▸ **Problem description**
Return exactly the lines below, starting with the one that has "A group of workers" and going on through the one that has "Refugees camp along the shores of Kos".

▸ **Excerpted data**
────────────────────

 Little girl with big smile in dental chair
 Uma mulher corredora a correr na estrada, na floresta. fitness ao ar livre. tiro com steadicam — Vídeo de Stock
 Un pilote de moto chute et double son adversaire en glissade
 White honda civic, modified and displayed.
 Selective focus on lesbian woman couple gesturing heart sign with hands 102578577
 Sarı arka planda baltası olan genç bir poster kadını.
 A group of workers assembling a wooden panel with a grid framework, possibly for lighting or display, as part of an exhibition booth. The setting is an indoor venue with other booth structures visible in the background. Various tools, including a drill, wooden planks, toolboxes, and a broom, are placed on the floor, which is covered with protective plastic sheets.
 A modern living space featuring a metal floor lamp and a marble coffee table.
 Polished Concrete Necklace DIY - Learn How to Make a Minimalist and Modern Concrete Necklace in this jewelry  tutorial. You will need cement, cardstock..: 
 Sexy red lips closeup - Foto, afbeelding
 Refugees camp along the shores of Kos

────────────────────

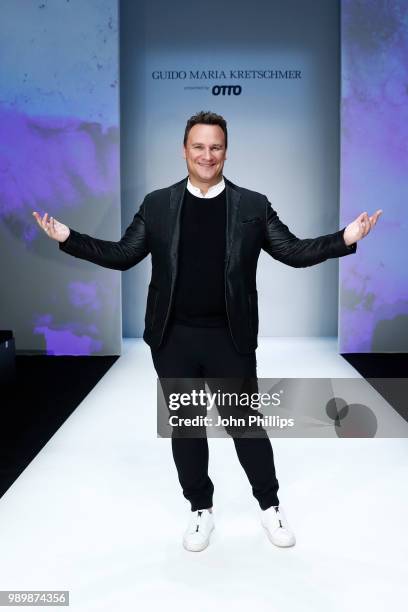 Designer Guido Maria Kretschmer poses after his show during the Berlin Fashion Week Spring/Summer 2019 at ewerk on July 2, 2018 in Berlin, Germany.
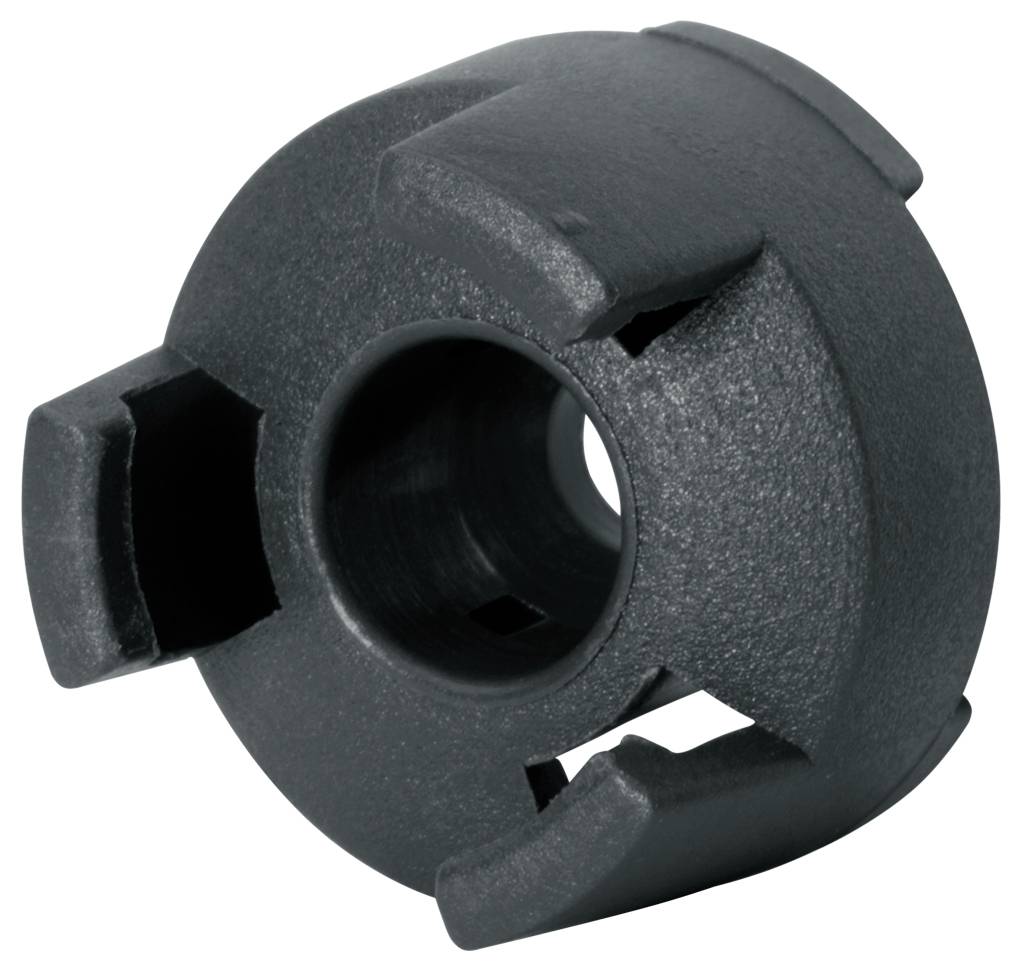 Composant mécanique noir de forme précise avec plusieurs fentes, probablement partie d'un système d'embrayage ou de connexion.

────────────────────

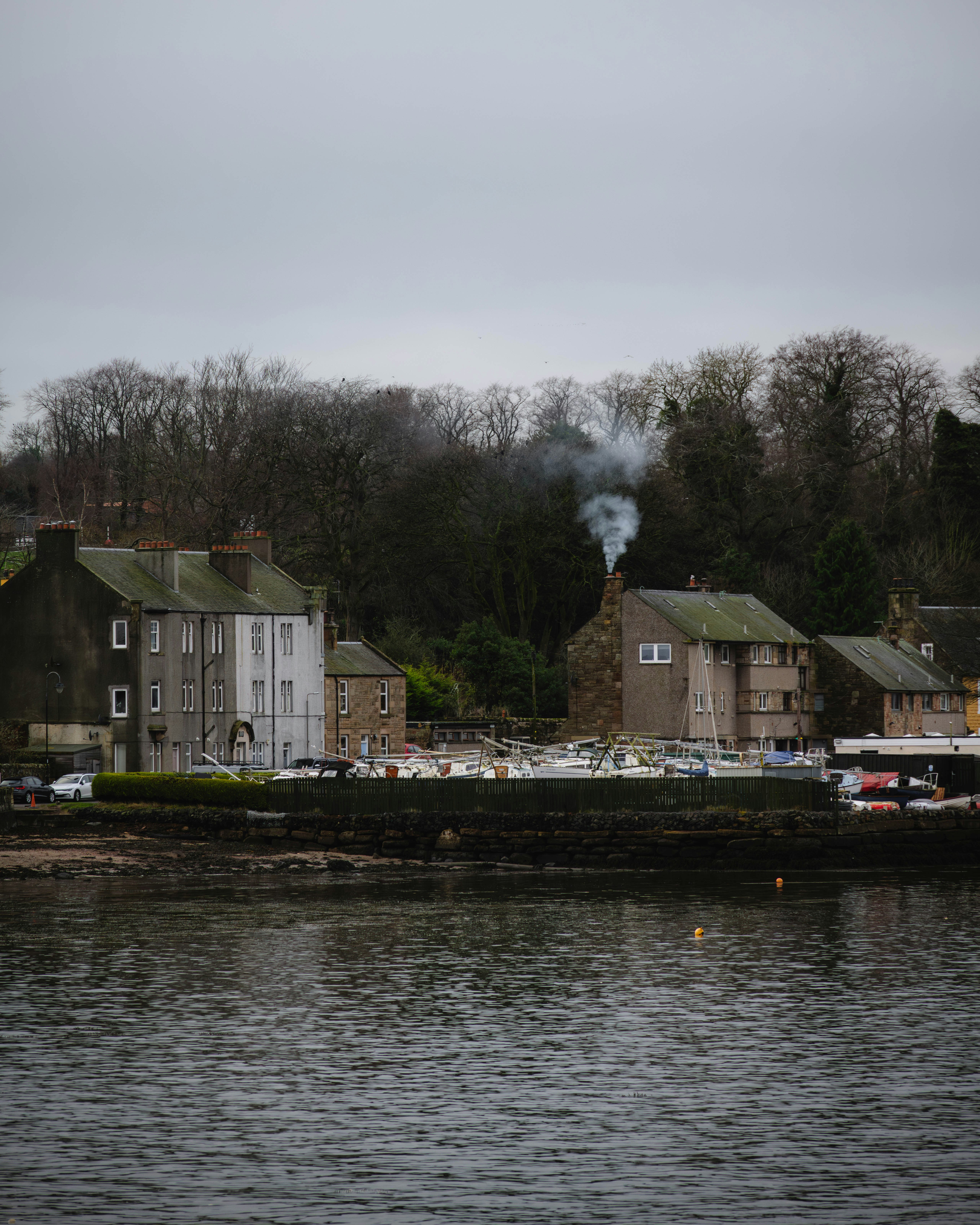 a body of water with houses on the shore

────────────────────

▸ **Task response**
 A group of workers assembling a wooden panel with a grid framework, possibly for lighting or display, as part of an exhibition booth. The setting is an indoor venue with other booth structures visible in the background. Various tools, including a drill, wooden planks, toolboxes, and a broom, are placed on the floor, which is covered with protective plastic sheets.
 A modern living space featuring a metal floor lamp and a marble coffee table.
 Polished Concrete Necklace DIY - Learn How to Make a Minimalist and Modern Concrete Necklace in this jewelry  tutorial. You will need cement, cardstock..: 
 Sexy red lips closeup - Foto, afbeelding
 Refugees camp along the shores of Kos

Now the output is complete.